PostgreSQL – Enforcing Data Integrity for Sequential Relations

constraintdatabase-designforeign keypostgresql

These are my tables:

create table trips (
  trip_id serial primary key,
  trip_nm text
);

create table trip_segments (
  segment_id serial primary key,
  departure_ts timestamp with time zone, -- departure time
  arrival_ts   timestamp with time zone, -- arrival time
  trip_id integer references trips (trip_id)
);

An insert would look like:

insert into trips (trip_nm) values ('my trip');

-- first segment
insert into trip_segments (departure_ts,arrival_ts,trip_id) values
                          ('2013-01-30 12:00', '2013-01-30 20:00', trip_id);

-- second segment
insert into trip_segments (departure_ts,arrival_ts,trip_id) values
                          ('2013-01-30 21:00', '2013-01-30 22:00', trip_id);

Given the above data: I want to ensure that a departure time in the second segment is after the arrival time of the first segment.

Which means the following insert should fail for the second segment:

insert into trip_segments (departure_ts,arrival_ts,trip_id) values
                          ('2013-01-30 19:55', '2013-01-31 22:00', trip_id);

There could be many segments for one trip. There are many trips.

So, how do I do that?

My first thought was to use a check constraint function for the trip_segments table, that looks like:

create function previous_ts(trip_id integer)
  returns timestamp with time zone as $$

  /* do some hackery here using the lag() function */

  return previous_arrival_ts;

$$ language 'sql';

Okay, so I haven't implemented that, but that would be the idea. However, I read (on stackoverflow, lost the answer) that using
a check constraint function is, and I'm para-phrasing, a really bad idea.

Ok, so there must be a better way, maybe using a trigger, I don't know. What's the best way to solve this problem?

I'm using postgresql 9.5

Best Answer

You can make use of an EXCLUSION constraint and tsrange datatype instead of two timestamps.
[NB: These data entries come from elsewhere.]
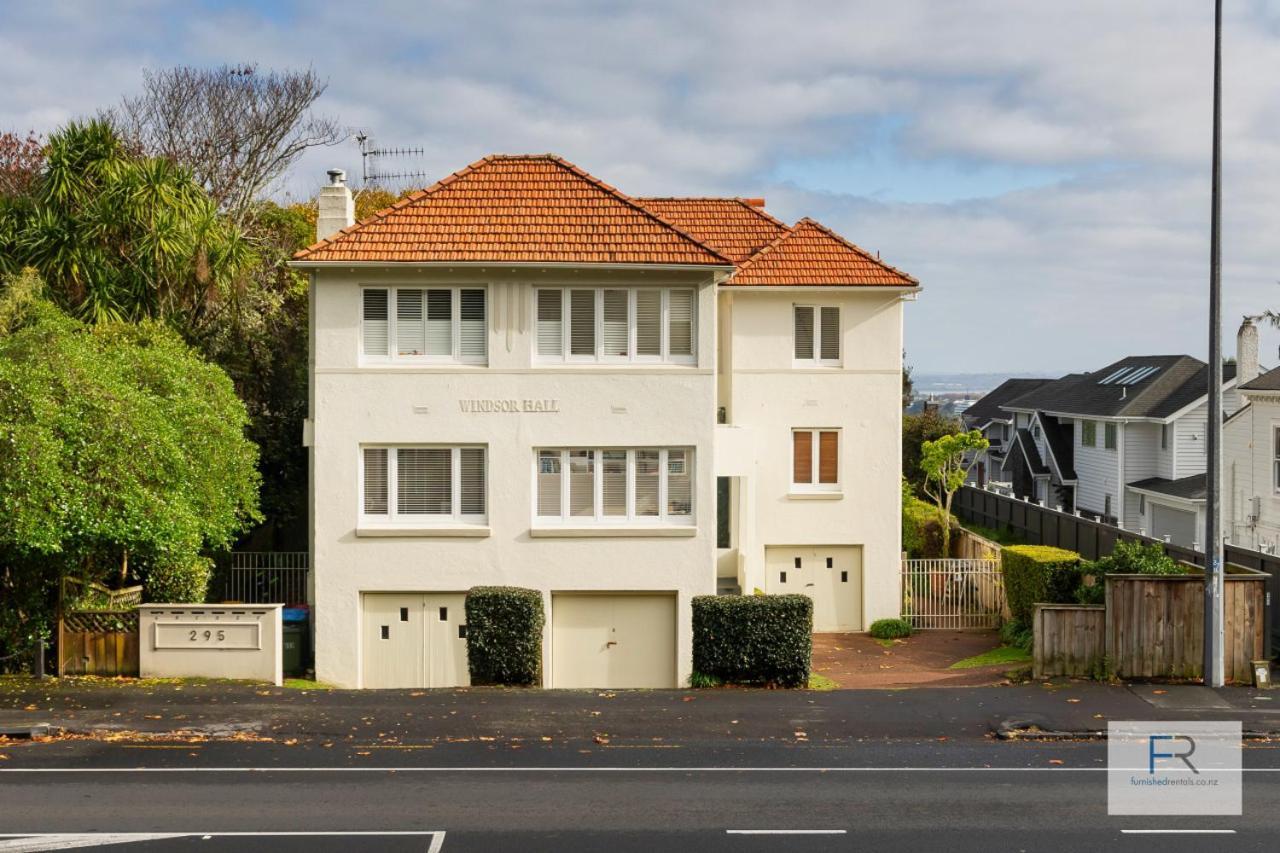 Spacious Mt Eden Apartment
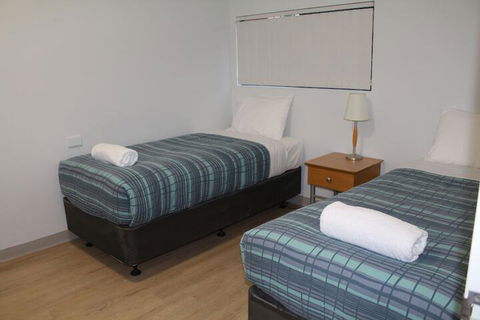 Mandurah Ocean Marina Chalets - Accommodation Mermaid Beach 7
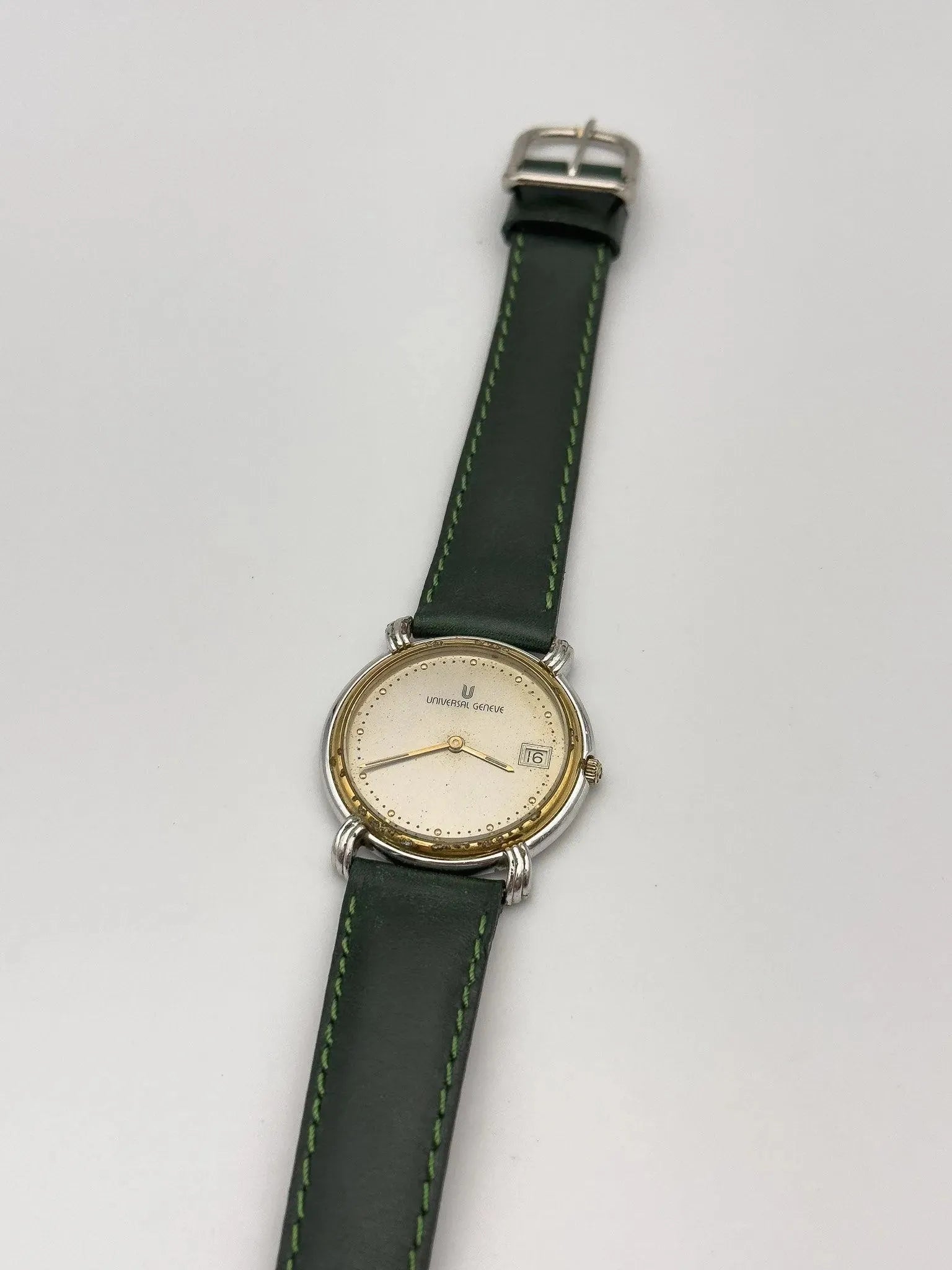 Universal Genève - Tear Drop Lugs Acier Or - 1980s - Atelier Victor Paris - Vintage Watch Shop Dubai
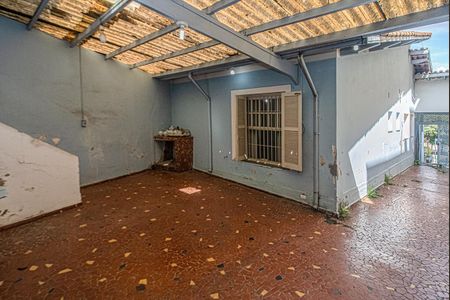 Casa para alugar com 224m², 3 quartos e 4 vagas Casa para alugar com 224m², 3 quartos e 4 vagasquintal e área de serviço_2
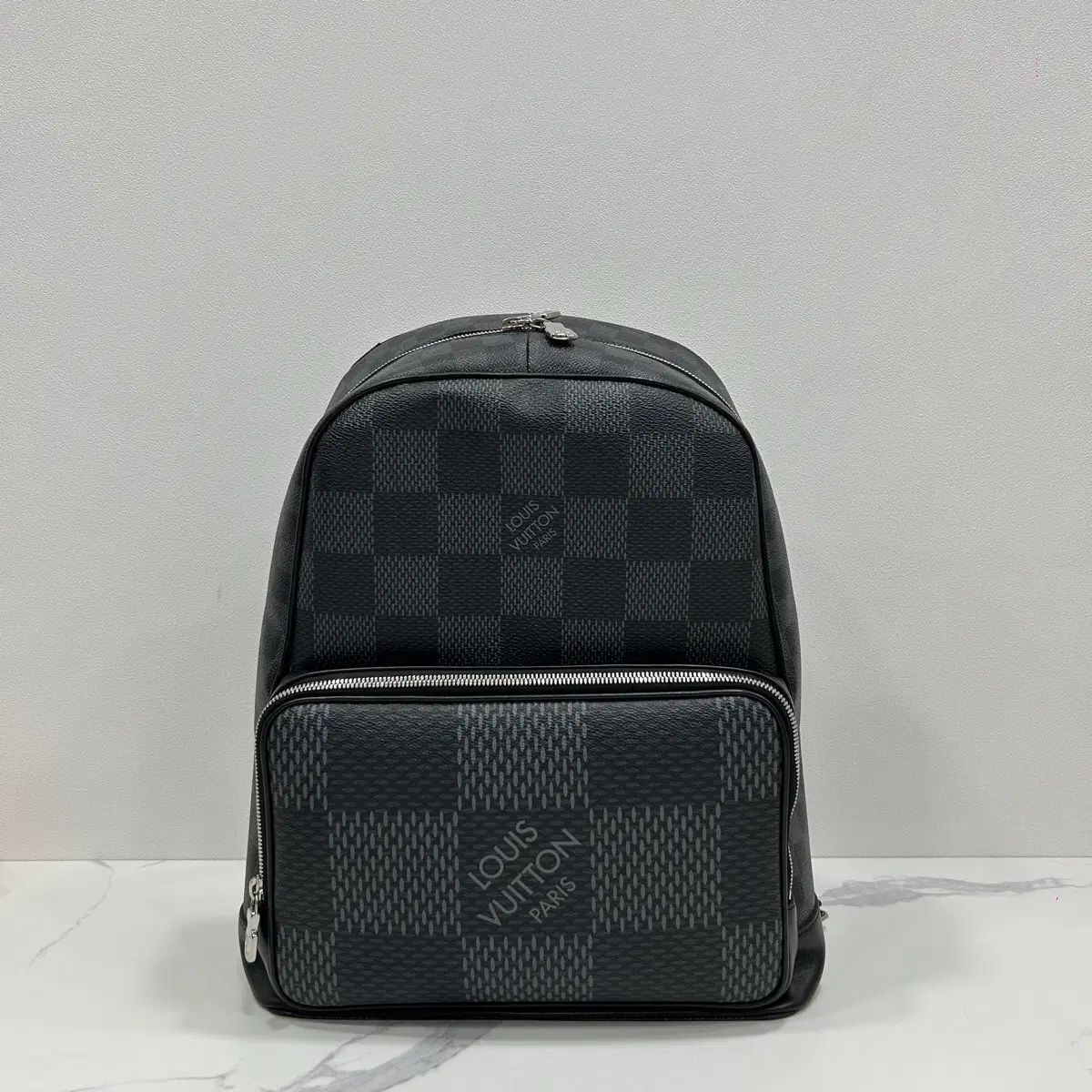 ルイヴィトン ダミエ グラフィアート バックパック 228,877円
create table trip_segments (
  segment_id serial primary key,
  travel_ts tstzrange, -- departure time to arrival time
  trip_id integer references trips (trip_id),
  EXCLUDE USING gist (trip_id WITH =, travel_ts WITH &&)
);

-- first segment
insert into trip_segments (travel_ts,trip_id) values
                          ('[2013-01-30 12:00,2013-01-30 20:00)', 1);

-- second segment overlaps and fails
insert into trip_segments (travel_ts,trip_id) values
                          ('[2013-01-30 19:55,2013-01-30 22:00]', 1);

You get:

ERROR: conflicting key value violates exclusion constraint "trip_segments_travel_ts_excl" DETAIL: Key (travel_ts)=(["2013-01-30 19:55:00+11","2013-01-30 22:00:00+11"]) conflicts with existing key (travel_ts)=(["2013-01-30 12:00:00+11","2013-01-30 20:00:00+11")).

The exclusion is set-up exclusively for time ranges specific to each trip_id.

insert into trips (trip_nm) values ('their trip'); -- add other trip

-- segment overlaps with trip_id=1, but the exclusion is setup specific to trips
insert into trip_segments (travel_ts,trip_id) values
                          ('[2013-01-30 19:55,2013-01-30 22:00)', 2);

Note that timestamp ranges cannot be specified backwards (ending timestamp must be equal or higher than the starting one), and their boundaries are either inclusive ([]) or exclusive (()) boundaries, being the default [), i.e. an inclusive starting and exclusive ending time.